DIRECTIONS |
For the records below, print the lines from the line with "Sport Line #11" through the line with "Autos - Fiat" exactly as written; include both end lines and exclude the rest.

DATA |
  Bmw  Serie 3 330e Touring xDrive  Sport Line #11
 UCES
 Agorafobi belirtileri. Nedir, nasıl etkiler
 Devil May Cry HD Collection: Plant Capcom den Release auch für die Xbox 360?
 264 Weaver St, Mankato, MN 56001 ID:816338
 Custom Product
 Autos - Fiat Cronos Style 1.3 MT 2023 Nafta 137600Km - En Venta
* * *
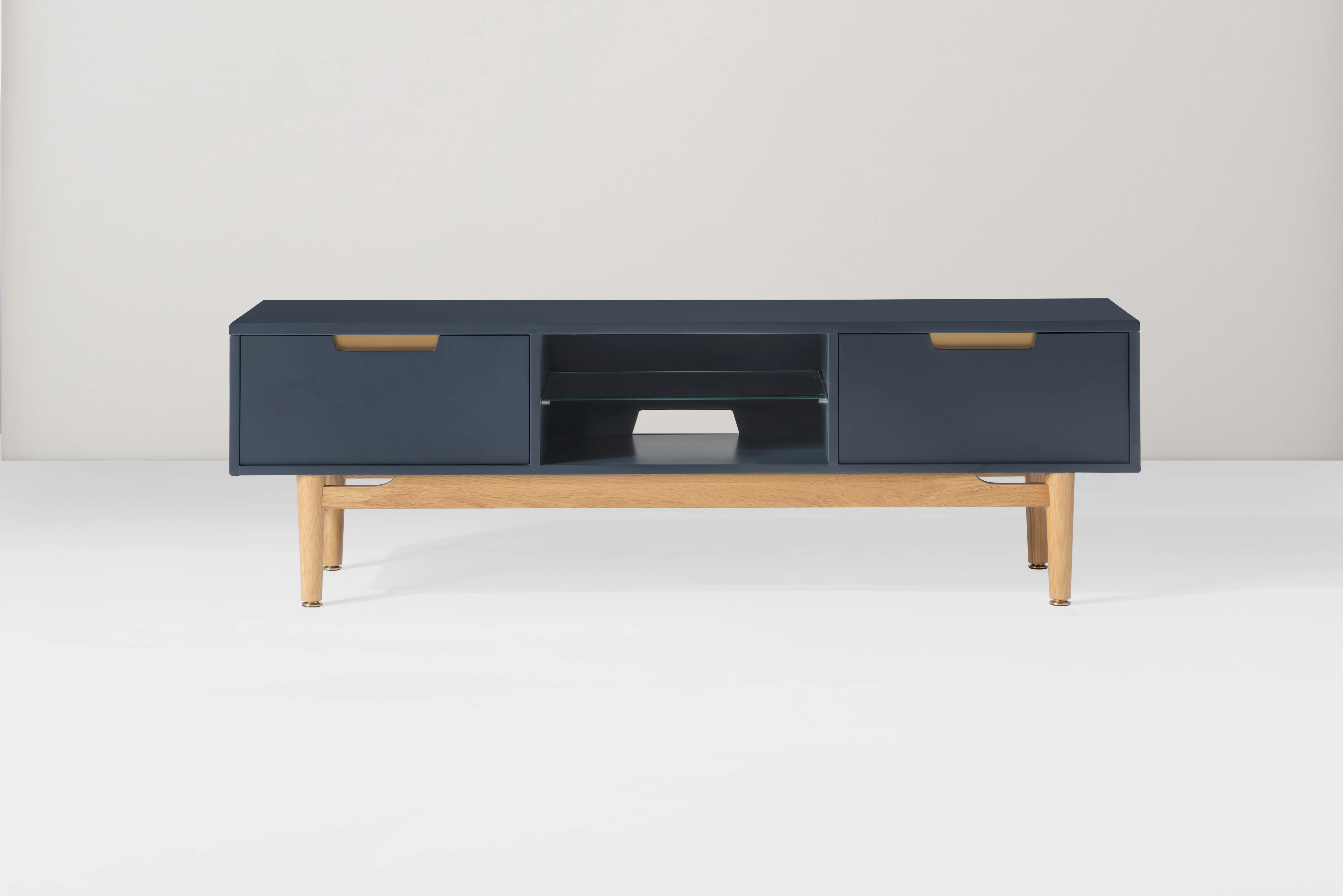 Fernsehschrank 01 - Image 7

OUTPUT |
  Bmw  Serie 3 330e Touring xDrive  Sport Line #11
 UCES
 Agorafobi belirtileri. Nedir, nasıl etkiler
 Devil May Cry HD Collection: Plant Capcom den Release auch für die Xbox 360?
 264 Weaver St, Mankato, MN 56001 ID:816338
 Custom Product
 Autos - Fiat Cronos Style 1.3 MT 2023 Nafta 137600Km - En Venta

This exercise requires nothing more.